═════ The data ═════

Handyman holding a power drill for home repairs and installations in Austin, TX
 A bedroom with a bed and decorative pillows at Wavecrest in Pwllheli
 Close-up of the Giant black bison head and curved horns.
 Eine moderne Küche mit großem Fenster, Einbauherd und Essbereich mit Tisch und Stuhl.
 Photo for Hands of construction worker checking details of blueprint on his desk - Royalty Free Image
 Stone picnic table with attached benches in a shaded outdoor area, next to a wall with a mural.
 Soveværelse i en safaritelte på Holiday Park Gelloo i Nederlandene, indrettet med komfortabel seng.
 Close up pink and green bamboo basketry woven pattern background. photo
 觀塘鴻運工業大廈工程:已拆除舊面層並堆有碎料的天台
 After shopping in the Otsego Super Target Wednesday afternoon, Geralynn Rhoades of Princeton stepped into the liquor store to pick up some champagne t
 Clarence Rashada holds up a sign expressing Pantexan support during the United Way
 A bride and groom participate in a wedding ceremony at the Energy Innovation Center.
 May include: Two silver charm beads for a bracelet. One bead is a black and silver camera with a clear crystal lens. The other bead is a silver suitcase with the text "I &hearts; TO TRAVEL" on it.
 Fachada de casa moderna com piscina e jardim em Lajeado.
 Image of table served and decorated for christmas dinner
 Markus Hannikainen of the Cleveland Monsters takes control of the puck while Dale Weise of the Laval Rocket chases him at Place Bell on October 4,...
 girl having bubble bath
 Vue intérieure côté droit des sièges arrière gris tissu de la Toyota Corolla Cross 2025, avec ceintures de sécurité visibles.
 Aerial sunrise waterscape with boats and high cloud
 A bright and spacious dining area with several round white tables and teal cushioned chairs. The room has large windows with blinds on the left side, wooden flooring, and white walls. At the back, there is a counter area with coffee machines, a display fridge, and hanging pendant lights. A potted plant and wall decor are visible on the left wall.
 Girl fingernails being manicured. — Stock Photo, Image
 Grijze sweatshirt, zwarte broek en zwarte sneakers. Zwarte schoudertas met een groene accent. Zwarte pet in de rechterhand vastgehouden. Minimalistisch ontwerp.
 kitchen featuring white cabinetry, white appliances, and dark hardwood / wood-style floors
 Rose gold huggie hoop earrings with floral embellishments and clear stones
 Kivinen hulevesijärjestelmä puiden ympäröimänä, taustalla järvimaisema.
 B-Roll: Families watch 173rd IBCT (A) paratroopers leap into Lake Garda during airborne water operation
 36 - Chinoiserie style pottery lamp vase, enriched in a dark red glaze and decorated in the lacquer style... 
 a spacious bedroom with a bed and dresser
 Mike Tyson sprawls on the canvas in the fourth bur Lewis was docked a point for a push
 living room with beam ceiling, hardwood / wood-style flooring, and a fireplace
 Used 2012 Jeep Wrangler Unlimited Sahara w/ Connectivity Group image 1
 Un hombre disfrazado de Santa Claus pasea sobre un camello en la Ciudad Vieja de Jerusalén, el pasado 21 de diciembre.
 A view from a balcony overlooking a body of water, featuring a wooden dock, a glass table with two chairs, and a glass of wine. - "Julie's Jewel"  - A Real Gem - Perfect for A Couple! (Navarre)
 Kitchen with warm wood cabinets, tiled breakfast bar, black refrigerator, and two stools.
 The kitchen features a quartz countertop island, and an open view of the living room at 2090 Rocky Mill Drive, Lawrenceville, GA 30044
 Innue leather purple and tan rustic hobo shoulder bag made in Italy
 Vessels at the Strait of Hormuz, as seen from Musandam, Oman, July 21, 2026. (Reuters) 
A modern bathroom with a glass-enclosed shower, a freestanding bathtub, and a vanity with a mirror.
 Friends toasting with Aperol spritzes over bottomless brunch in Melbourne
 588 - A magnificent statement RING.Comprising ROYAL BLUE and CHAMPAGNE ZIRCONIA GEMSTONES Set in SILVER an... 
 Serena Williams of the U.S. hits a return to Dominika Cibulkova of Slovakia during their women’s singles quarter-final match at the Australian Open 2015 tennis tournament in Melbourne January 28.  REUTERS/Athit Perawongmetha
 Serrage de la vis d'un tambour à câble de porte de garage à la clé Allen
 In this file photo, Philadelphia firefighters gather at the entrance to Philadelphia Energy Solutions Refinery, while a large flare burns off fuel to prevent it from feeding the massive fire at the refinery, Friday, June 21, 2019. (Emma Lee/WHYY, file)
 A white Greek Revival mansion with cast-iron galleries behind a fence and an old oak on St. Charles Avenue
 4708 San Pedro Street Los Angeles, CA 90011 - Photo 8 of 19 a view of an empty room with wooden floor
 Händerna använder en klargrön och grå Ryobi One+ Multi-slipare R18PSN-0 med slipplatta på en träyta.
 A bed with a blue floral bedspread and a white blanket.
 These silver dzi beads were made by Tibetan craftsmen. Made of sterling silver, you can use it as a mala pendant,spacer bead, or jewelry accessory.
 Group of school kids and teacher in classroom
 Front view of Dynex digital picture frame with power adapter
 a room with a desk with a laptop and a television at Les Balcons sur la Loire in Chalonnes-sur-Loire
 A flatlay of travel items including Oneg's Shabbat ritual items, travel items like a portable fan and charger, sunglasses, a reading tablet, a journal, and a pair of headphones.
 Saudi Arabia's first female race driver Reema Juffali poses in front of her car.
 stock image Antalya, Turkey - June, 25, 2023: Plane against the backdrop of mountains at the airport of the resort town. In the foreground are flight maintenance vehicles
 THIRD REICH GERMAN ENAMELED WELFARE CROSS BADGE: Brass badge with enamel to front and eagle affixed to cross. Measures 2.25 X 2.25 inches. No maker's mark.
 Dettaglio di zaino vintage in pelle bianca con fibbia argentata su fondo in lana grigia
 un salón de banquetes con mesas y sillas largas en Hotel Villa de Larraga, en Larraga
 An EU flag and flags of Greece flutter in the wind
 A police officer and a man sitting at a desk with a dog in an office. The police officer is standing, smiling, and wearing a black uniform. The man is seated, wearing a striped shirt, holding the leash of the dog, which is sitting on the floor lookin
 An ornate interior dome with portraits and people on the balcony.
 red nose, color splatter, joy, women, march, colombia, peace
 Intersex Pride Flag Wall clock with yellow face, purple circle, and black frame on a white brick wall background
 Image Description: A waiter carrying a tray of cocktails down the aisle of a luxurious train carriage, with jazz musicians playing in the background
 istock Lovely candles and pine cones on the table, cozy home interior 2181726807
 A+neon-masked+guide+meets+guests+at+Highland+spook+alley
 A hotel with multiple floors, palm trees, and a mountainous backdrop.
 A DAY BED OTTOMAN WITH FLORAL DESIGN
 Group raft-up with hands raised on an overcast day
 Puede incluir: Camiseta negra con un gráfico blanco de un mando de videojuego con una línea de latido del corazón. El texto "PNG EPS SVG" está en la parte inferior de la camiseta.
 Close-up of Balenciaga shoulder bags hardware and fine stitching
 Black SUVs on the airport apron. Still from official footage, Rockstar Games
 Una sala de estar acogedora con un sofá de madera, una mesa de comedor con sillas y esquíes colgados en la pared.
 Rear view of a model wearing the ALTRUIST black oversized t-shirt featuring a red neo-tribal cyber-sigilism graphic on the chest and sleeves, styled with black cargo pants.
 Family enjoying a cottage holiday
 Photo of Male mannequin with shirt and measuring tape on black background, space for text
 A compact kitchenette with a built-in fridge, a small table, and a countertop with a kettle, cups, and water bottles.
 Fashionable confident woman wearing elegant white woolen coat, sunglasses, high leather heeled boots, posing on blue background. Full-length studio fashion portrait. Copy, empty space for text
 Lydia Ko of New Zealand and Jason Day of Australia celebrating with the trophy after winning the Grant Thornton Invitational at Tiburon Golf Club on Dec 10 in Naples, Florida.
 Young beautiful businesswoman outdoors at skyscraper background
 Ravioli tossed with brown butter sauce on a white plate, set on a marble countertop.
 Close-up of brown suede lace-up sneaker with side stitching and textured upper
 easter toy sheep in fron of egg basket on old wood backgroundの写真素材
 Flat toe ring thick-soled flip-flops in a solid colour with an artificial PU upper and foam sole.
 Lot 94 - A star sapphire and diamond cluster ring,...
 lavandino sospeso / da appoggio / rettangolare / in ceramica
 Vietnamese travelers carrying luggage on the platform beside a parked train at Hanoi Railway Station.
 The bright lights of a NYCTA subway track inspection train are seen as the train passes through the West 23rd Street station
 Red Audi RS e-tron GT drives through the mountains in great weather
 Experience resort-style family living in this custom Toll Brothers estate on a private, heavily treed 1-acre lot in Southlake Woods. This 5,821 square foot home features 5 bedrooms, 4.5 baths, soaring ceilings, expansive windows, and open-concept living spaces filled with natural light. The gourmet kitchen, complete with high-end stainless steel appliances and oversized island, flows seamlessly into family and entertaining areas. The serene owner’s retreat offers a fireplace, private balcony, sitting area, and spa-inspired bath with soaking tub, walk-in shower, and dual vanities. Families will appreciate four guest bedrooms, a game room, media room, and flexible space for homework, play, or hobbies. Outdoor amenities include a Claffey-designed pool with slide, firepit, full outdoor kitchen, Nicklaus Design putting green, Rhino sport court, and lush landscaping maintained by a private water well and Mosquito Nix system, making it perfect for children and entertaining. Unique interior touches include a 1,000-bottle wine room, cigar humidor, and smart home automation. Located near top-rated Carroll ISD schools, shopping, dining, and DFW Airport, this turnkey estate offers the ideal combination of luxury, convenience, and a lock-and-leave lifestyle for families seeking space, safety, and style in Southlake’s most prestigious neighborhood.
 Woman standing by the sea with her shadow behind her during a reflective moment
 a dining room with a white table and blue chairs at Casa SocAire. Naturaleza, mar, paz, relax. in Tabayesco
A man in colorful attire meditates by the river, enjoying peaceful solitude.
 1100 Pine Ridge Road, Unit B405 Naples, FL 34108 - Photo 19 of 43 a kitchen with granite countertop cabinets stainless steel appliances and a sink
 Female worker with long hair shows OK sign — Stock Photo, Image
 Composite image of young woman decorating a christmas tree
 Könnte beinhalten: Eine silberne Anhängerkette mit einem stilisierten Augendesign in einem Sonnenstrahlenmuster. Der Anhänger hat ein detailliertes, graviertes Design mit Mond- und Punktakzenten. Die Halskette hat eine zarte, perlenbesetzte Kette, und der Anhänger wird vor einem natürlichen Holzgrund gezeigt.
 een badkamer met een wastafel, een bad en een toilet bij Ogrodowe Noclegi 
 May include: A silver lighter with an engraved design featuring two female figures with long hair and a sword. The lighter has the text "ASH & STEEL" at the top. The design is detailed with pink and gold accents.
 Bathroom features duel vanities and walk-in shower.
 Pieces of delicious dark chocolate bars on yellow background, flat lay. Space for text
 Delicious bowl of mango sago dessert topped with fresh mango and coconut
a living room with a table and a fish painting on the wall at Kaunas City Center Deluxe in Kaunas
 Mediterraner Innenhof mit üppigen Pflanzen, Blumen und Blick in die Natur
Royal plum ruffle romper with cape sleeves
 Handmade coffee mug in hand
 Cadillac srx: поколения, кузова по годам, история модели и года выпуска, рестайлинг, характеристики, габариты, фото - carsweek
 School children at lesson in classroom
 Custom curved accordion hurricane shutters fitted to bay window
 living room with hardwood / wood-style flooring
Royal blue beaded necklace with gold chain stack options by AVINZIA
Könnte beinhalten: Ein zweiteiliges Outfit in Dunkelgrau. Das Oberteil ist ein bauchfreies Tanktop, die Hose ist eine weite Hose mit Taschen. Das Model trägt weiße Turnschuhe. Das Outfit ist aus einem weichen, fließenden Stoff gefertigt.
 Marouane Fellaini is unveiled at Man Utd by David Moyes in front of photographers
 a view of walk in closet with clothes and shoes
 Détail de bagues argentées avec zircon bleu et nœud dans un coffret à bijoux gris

═════

| Instructions for the task |
Output the lines of the records above exactly as they appear, from the line containing "Royal blue beaded" through the line containing "a view of walk".

| Response |
Royal blue beaded necklace with gold chain stack options by AVINZIA
Könnte beinhalten: Ein zweiteiliges Outfit in Dunkelgrau. Das Oberteil ist ein bauchfreies Tanktop, die Hose ist eine weite Hose mit Taschen. Das Model trägt weiße Turnschuhe. Das Outfit ist aus einem weichen, fließenden Stoff gefertigt.
 Marouane Fellaini is unveiled at Man Utd by David Moyes in front of photographers
 a view of walk in closet with clothes and shoes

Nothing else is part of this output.